Task to carry out
Every line from the first in the listing below to the line containing "Nuclear receptor subfamily" is to be repeated exactly, and no line past it.

Material provided
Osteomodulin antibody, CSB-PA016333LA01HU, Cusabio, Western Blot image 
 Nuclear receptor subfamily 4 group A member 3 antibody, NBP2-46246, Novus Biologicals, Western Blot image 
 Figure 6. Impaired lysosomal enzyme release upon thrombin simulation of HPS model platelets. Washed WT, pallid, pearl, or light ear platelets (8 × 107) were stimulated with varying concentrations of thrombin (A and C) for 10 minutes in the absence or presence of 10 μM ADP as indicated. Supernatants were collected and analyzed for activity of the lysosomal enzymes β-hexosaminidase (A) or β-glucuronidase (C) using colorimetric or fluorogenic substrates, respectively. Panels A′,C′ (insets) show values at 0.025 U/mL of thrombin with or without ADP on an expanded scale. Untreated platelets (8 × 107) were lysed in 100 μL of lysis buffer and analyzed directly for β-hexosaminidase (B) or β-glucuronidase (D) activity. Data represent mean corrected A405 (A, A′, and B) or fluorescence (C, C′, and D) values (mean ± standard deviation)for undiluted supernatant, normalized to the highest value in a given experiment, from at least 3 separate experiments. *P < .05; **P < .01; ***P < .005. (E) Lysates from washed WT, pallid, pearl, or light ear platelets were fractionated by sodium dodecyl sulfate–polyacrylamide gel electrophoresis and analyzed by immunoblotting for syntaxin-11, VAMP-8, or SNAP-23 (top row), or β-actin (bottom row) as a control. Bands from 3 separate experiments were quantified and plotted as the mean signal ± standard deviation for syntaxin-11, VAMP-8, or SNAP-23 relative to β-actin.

Answer to this task
Osteomodulin antibody, CSB-PA016333LA01HU, Cusabio, Western Blot image 
 Nuclear receptor subfamily 4 group A member 3 antibody, NBP2-46246, Novus Biologicals, Western Blot image 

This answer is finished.